*Exercise prompt:* I'd like the listing below copied exactly, with the images left out.
--------------------------------------------------
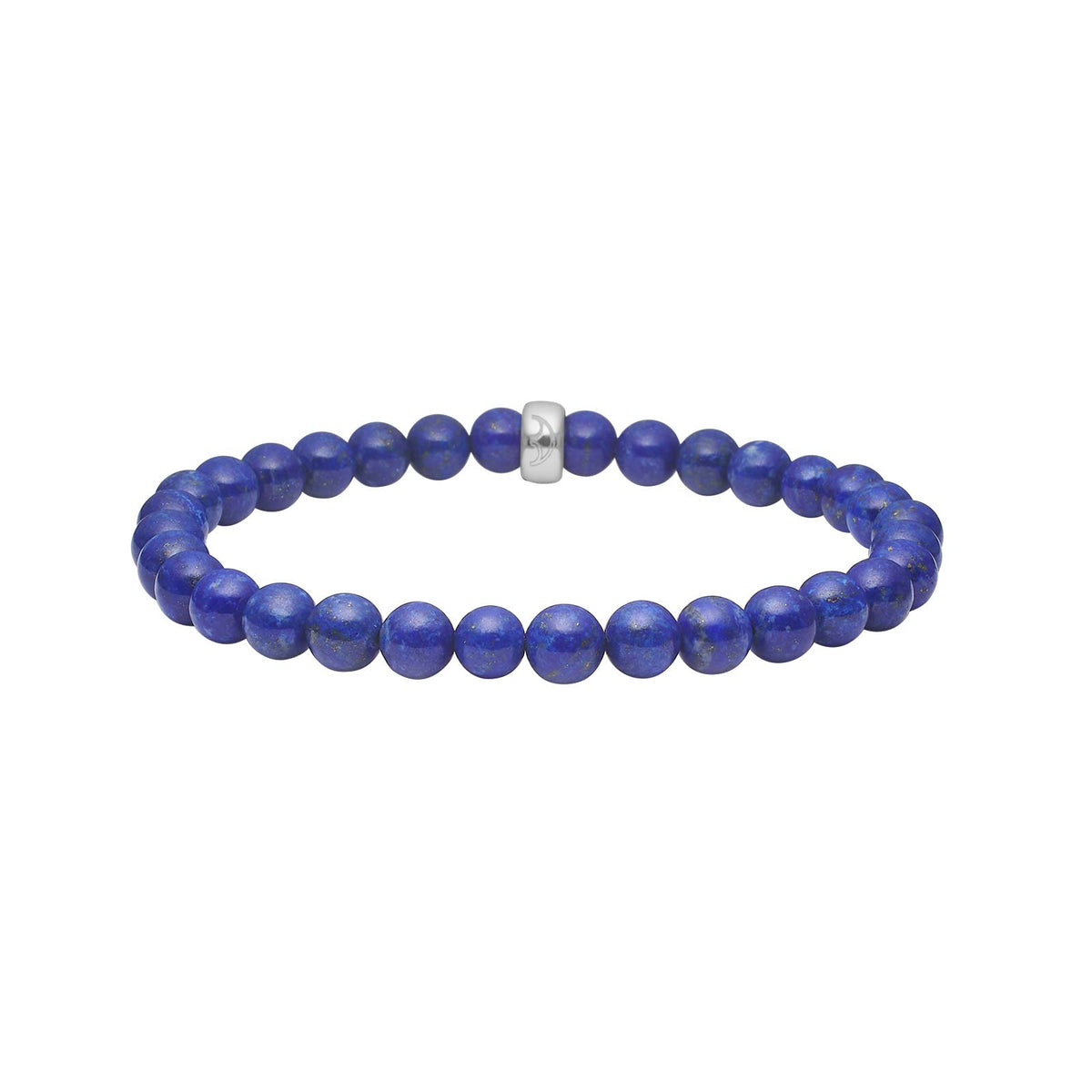 Elegantes Heide Heinzendorff Lapis-Armband aus Sterlingsilber mit runden 6-mm-Lapislazuli-Steinen.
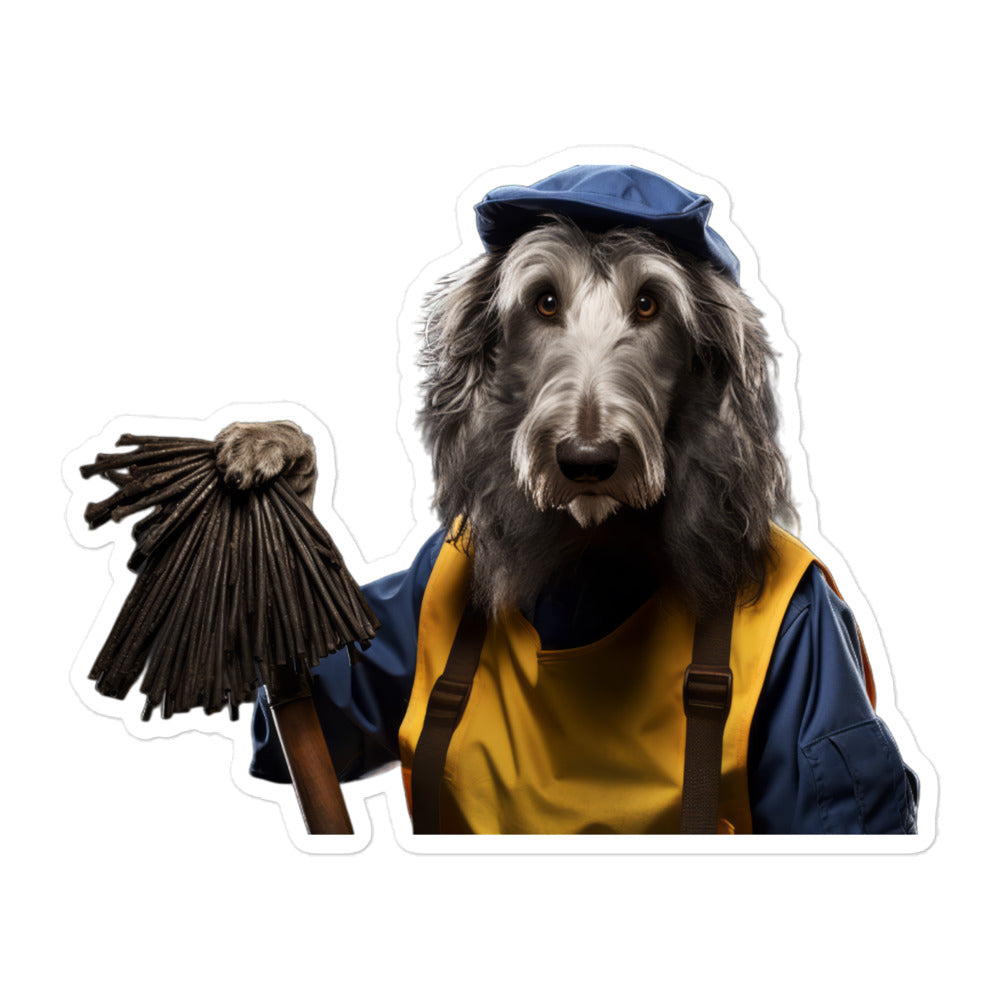 Scottish Deerhound Janitor Sticker - Stickerfy.ai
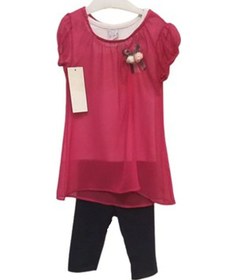 Resim Bebek&Çocuk Altı Terletmez Kumaş Üstü Şifon Bluz Taytlı Takım Fuşya 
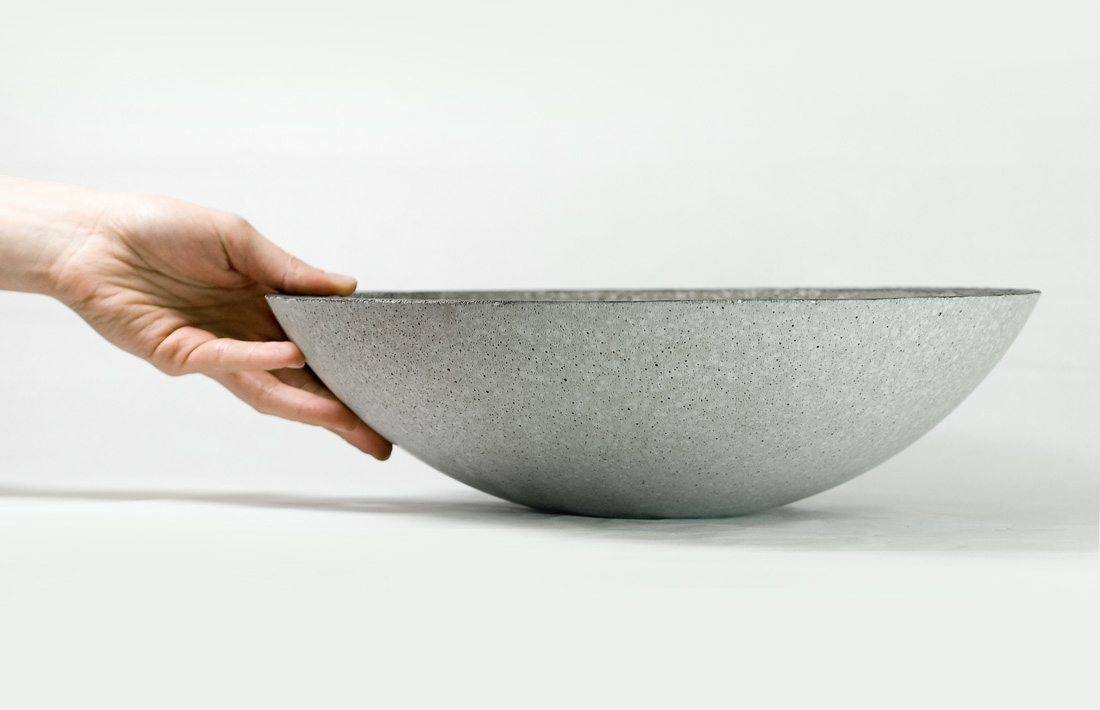 Agata concrete centerpiece bowl black natural pastina italian goodies collection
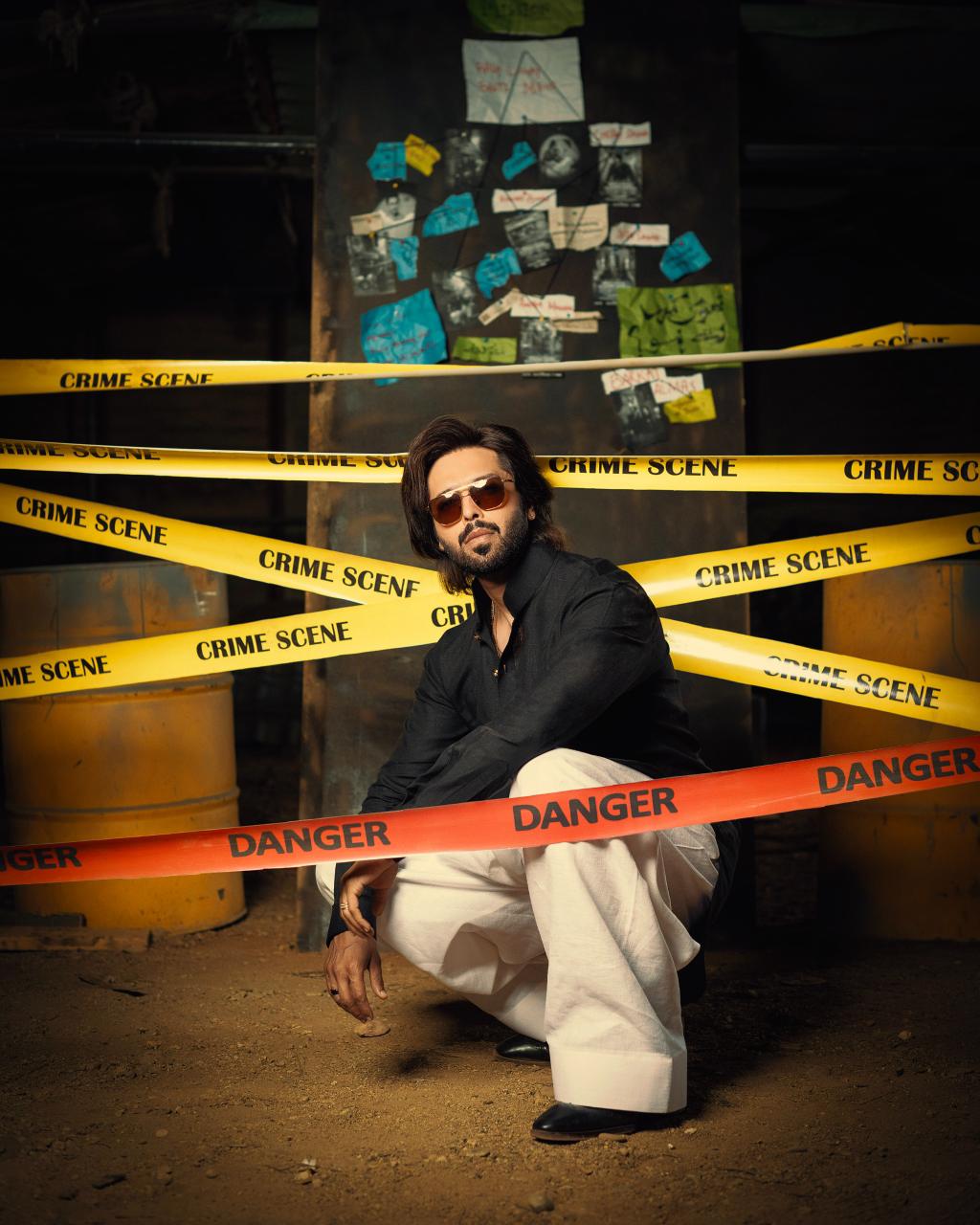 Black Linen Drop Shoulder Kurta Shalwar Set Inspired by Fahad Mustafa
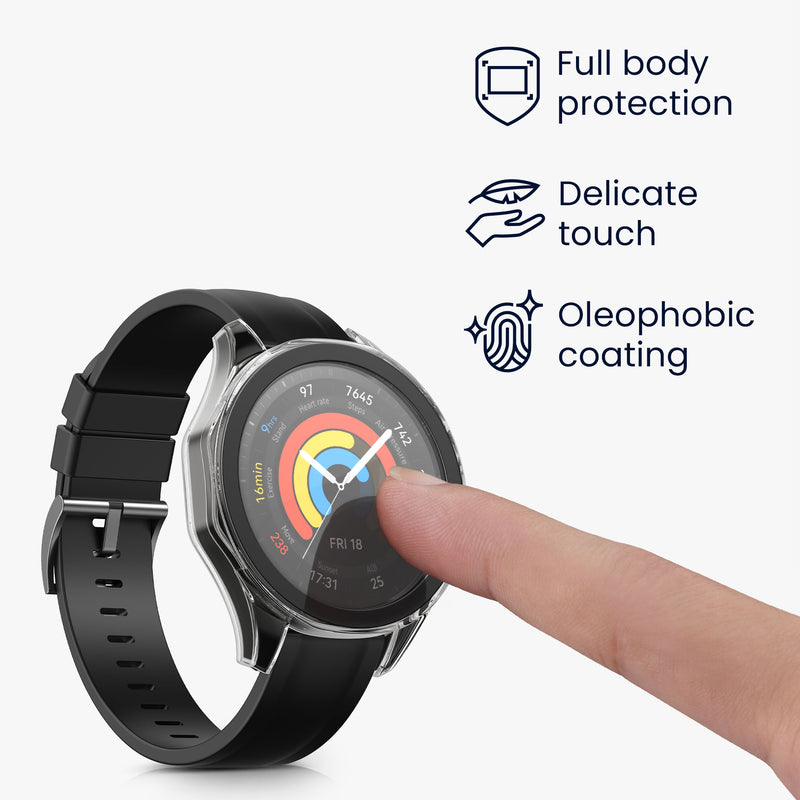 kwmobile Glas Hülle für Huawei Watch GT5 46mm Schutzhülle Fullbody Fitnesstracker Case Set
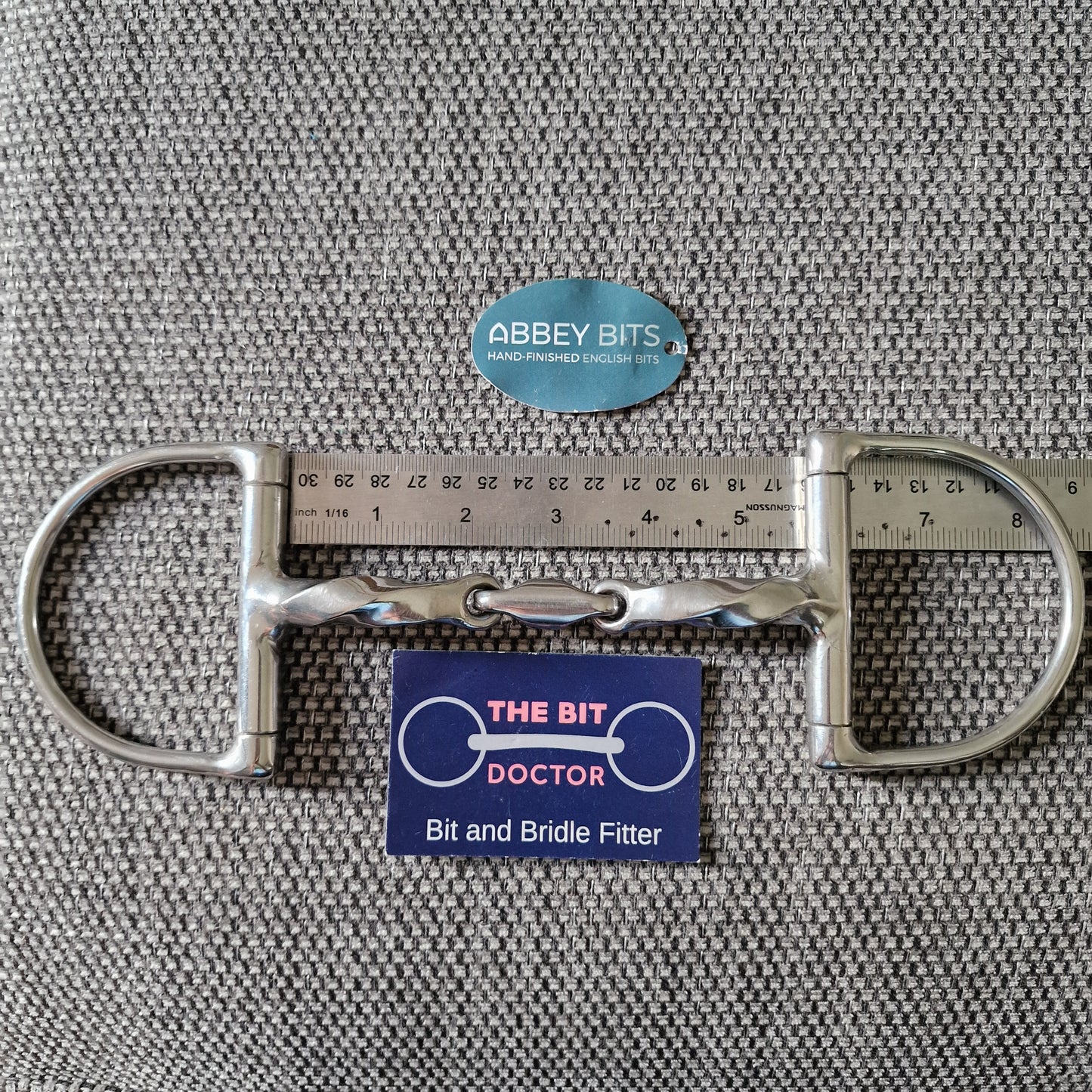 5.5" new Abbey custom curved twisted lozenge d-ring snaffle Bit B911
--------------------------------------------------
*Result of this exercise:*
 Elegantes Heide Heinzendorff Lapis-Armband aus Sterlingsilber mit runden 6-mm-Lapislazuli-Steinen.
 Scottish Deerhound Janitor Sticker - Stickerfy.ai
 Resim Bebek&Çocuk Altı Terletmez Kumaş Üstü Şifon Bluz Taytlı Takım Fuşya 
 Agata concrete centerpiece bowl black natural pastina italian goodies collection
 Black Linen Drop Shoulder Kurta Shalwar Set Inspired by Fahad Mustafa
 kwmobile Glas Hülle für Huawei Watch GT5 46mm Schutzhülle Fullbody Fitnesstracker Case Set
 5.5" new Abbey custom curved twisted lozenge d-ring snaffle Bit B911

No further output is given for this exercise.